Queries to analyze access patterns
Let’s get back to one of the questions that we asked in the beginning - which datasets are used the most? If we assume that in the source bucket every dataset is located under prefix data/{DATASET_NAME}/, then to answer it, we could come up with a query like this one:
SELECT dataset, count(*) AS cnt
FROM (
SELECT regexp_extract(key, '^data\/([^/]+)\/.+', 1) AS dataset
FROM delta.`s3://delta-logs-bucket/data-bucket-logs/`
WHERE date = 'YYYY-MM-DD' AND bucket = 'data-bucket' AND key rlike '^data\/' AND operation = 'REST.GET.OBJECT'
)
GROUP BY dataset
ORDER BY cnt DESC;
The outcome of the query can look like this:
This query tells us how many individual GetObject requests were made to each dataset during one day, ordered from the top most accessed down to the less intensively accessed. By itself it might not be enough to say, if one dataset is accessed more often. We can normalize each aggregation by the number of objects in each dataset. Also, we can group by dataset and day, so that we also see the correlation in time. There are many further options, but the point is that having at hand this Delta Lake table we can answer any kind of question about what access patterns in the bucket.
Extensibility
The pipeline we have shown is extensible out of the box. You can fully reuse the same SQS queue and add more buckets with logging into the pipeline, by simply using the same raw-logs-bucket to store S3 Server Access Logs. Because the Spark job already partitions by date and bucket, it will keep working fine, and your Delta Lake table will contain log data from the new buckets.

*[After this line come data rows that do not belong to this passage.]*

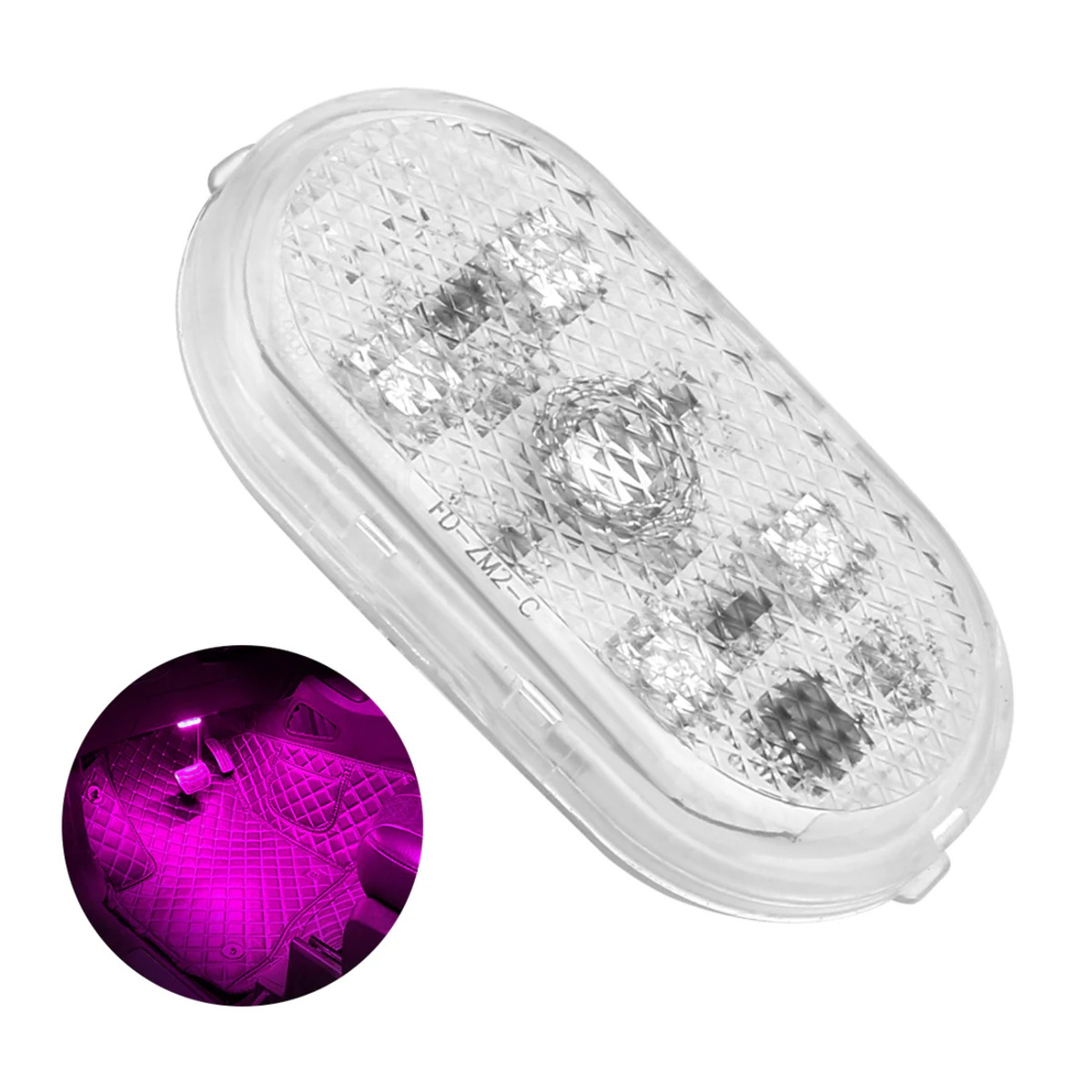 3665315031728 - LED-Stimmungslicht für das Auto Platyne 3665315031728 - LED-Stimmungslicht für das Auto Platyne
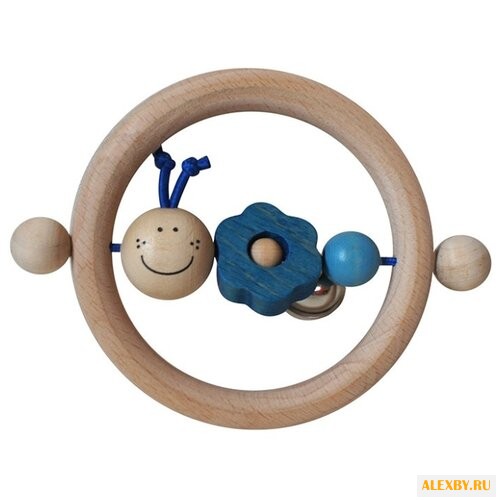 Прорезыватель-погремушка S-Mala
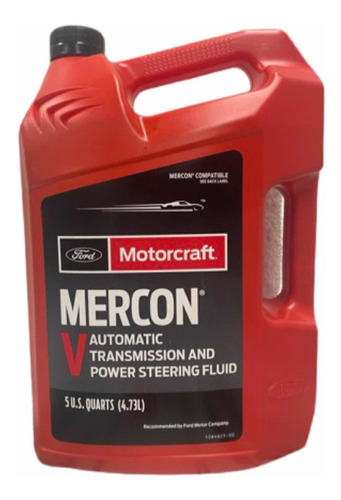 Aceite Transmisión Automática Mercon V (8 Litros)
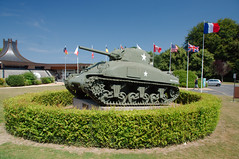 Char M4A1 Sherman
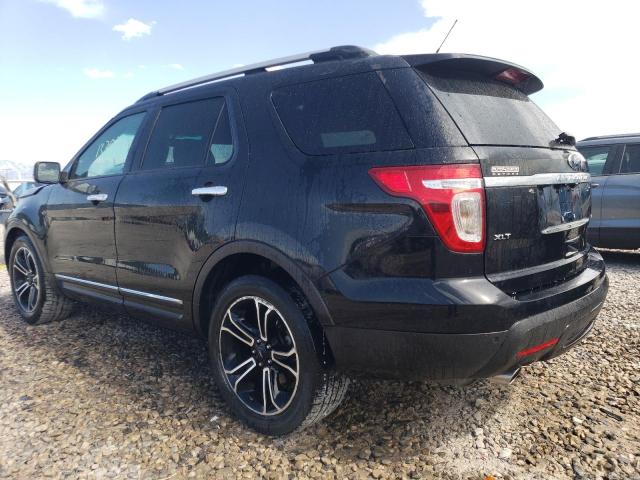 Photo 2 from auction – 2013 FORD EXPLORER X with VIN 1FM5K7D85DGB18837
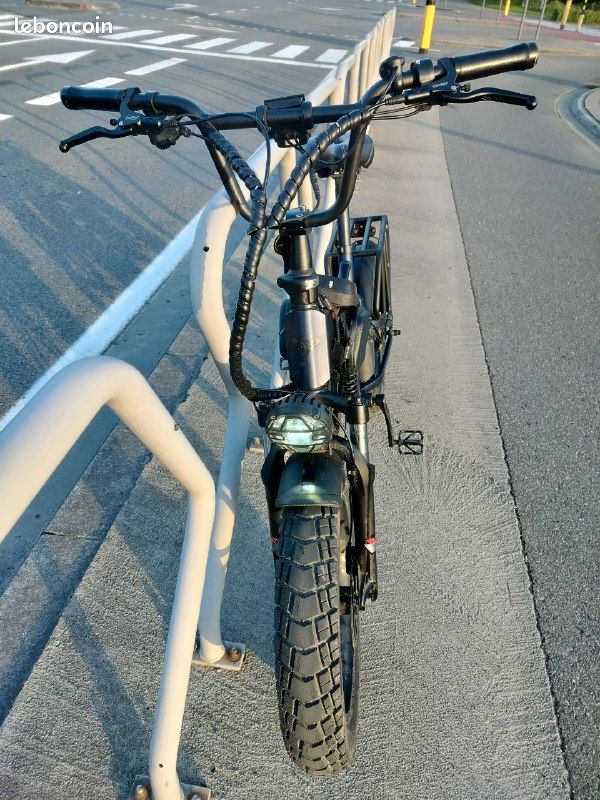 Vélo électrique - Engwe Engine Pro⭐ (image 14)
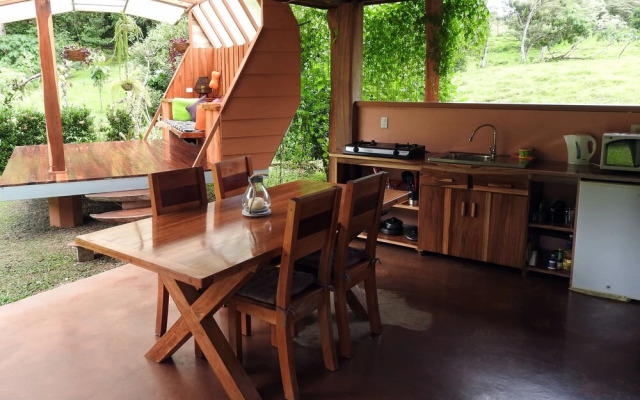 Mei Tai Cacao Lodge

One piece of advice we can give is to use AWS CDK to handle infrastructure, i.e. to configure the buckets raw-logs-bucket and delta-logs-bucket, SQS queue, and the role s3-access-role-to-assume. This will simplify operations and make the infrastructure become code as well.
Conclusion
In this blog post we have described how S3 Server Access Logging can be transformed into Delta Lake in a continuous fashion, so that analysis of the access patterns to the data can be performed. We showed that Spark Structured Streaming together with the S3-SQS reader can be used to read raw logging data. We described what kind of IAM policies and spark_conf parameters you will need to make this pipeline work. Overall, this solution is easy to deploy and operate, and it can give you a good benefit by providing observability over the access to the data.